**Dataset records**
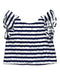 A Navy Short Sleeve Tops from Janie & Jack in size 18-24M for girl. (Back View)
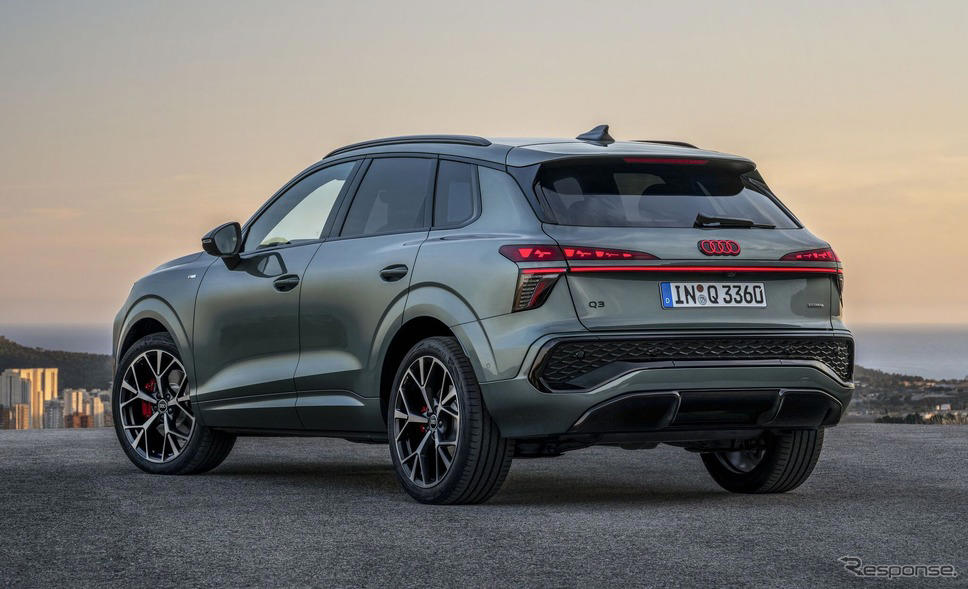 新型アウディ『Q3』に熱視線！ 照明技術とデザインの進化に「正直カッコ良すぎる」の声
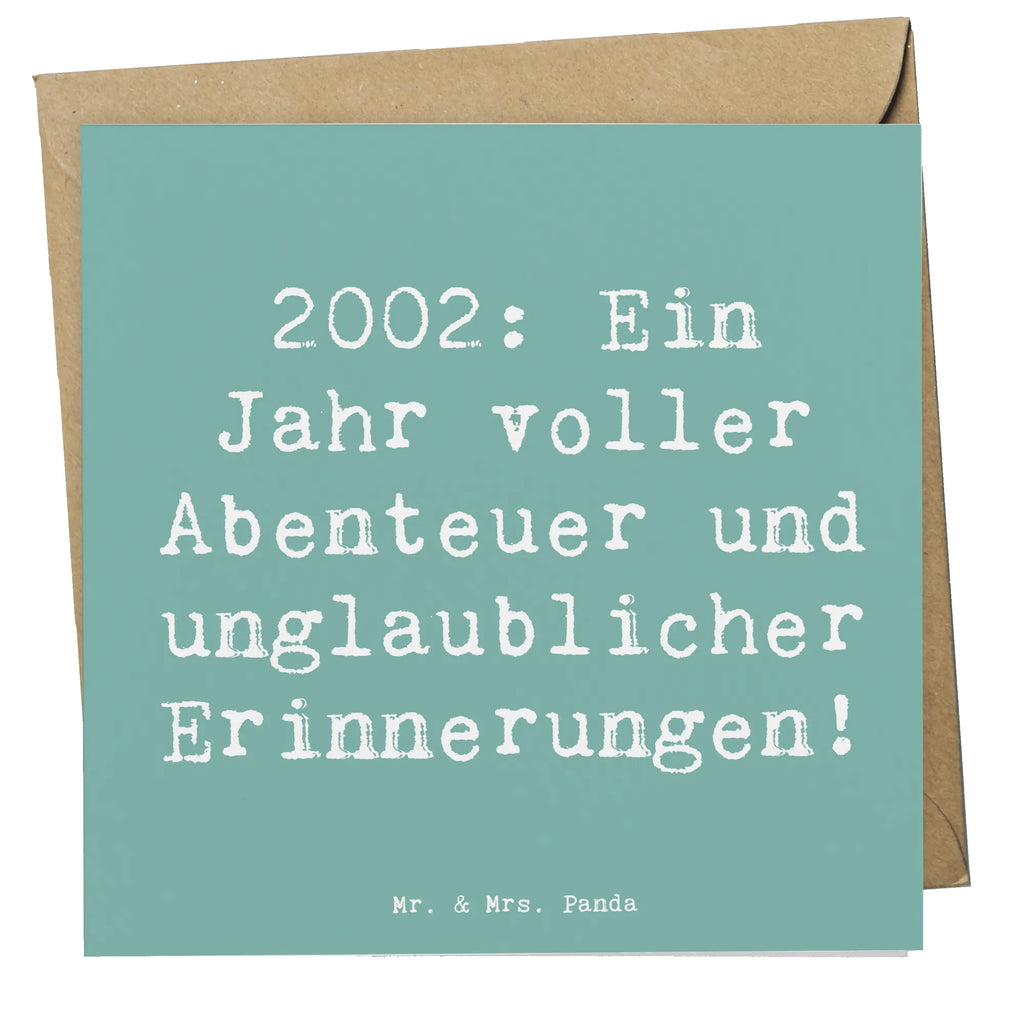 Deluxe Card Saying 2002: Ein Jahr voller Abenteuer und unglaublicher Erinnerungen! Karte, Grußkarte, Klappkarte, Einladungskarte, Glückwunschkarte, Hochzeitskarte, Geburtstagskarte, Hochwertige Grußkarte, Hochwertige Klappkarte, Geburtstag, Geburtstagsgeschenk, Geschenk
---
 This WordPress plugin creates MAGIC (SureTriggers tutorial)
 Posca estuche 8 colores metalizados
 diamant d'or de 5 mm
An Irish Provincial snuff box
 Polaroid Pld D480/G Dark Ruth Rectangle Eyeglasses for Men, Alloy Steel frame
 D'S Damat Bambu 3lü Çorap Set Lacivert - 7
==
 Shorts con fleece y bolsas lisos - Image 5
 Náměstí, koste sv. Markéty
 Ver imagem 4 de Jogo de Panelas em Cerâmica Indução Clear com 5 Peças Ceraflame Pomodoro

**Problem requirements**
Beginning with the line containing "Polaroid Pld D480/G" in the material above, copy every line exactly until you have copied the line containing "D'S Damat Bambu 3lü Çorap Set Lacivert - 7".

**Answer to the exercise**
 Polaroid Pld D480/G Dark Ruth Rectangle Eyeglasses for Men, Alloy Steel frame
 D'S Damat Bambu 3lü Çorap Set Lacivert - 7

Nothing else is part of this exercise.